I have this piece of code:
val df = resultsDf
.withColumn("data_exploded", explode(col("data_item")))
.groupBy("data_id","data_count")
.agg(
count(lit(1)).as("aggDataCount"),
sum(when(col("data_exploded.amount")==="A",col("data_exploded.positive_amount")).otherwise(lit(0))).as("aggAmount")
)
Is lit(0)
referring to an index at position 0, or to the literal value of number 0
? The definition I see at https://mungingdata.com/apache-spark/spark-sql-functions/#:~:text=The lit() function creates,spanish_hi column to the DataFrame.&text=The lit() function is especially useful when making boolean comparisons says that "The lit()

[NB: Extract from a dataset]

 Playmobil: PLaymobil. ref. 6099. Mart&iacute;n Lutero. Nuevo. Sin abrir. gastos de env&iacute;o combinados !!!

function creates a Column object out of a literal value." That definition makes me think that it is not referring to an index position but to a literal value such as a number or String. However, the usage in count(lit(1)).as("aggDataCount")
looks like referring to an index position of a column to me. Thank you.

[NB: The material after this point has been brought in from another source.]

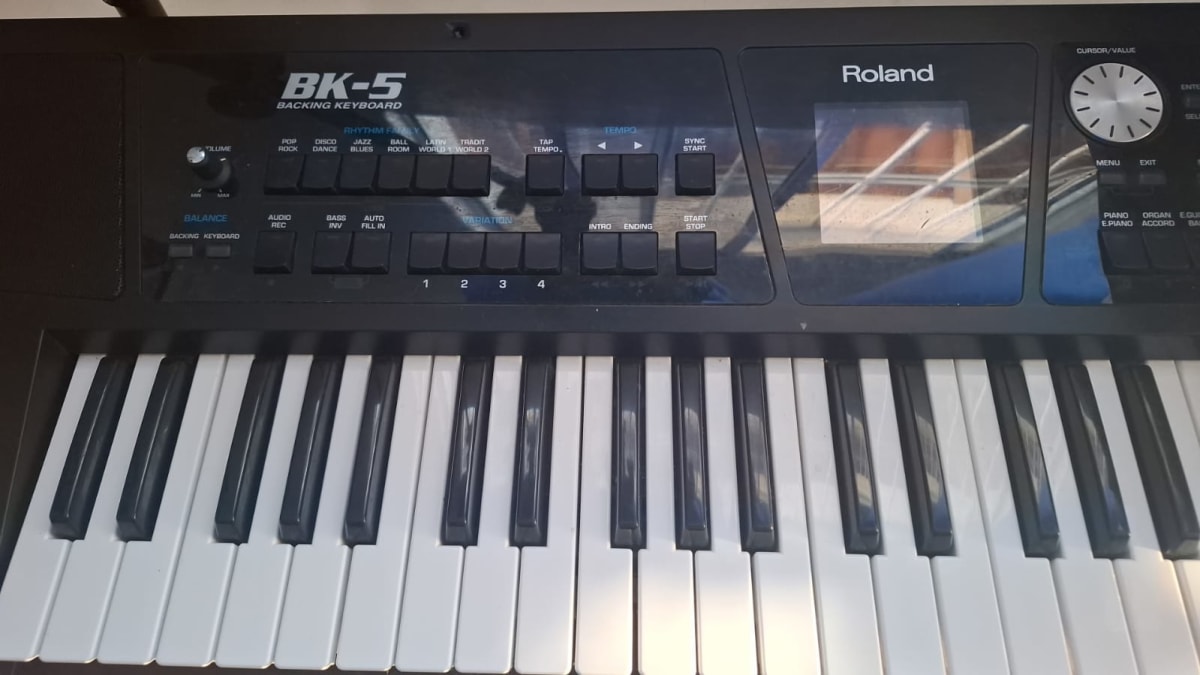 Roland BK5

CodePudding user response:
lit(1)
means the literal value 1
count(lit(1)).as("aggDataCount")
is a way to count the number of rows (each row having a column with a value of 1
and summing this column)
CodePudding user response:
In spark lit represents literal value.
lit(0)--> put 0 as a value in column , lit(1) --> means put 1 as a value in column.
In the code you shown above they are applying an aggregation over 2 columns and keeping a count of how many rows from count(lit(1)), over a condition.
The next lit(0) is in otherwise clause which is like an else condition. lit(0) will add 0 as a literal value in the column.